[Supplied data Boundary: Start]

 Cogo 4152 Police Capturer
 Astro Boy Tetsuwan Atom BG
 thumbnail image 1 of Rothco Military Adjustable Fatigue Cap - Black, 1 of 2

[Supplied data Boundary: End]

What the task requires: Reply with exactly the lines from the one containing "Astro Boy Tetsuwan Atom BG" to the last line of the material, inclusive, and with nothing more.

Answer space:
 Astro Boy Tetsuwan Atom BG
 thumbnail image 1 of Rothco Military Adjustable Fatigue Cap - Black, 1 of 2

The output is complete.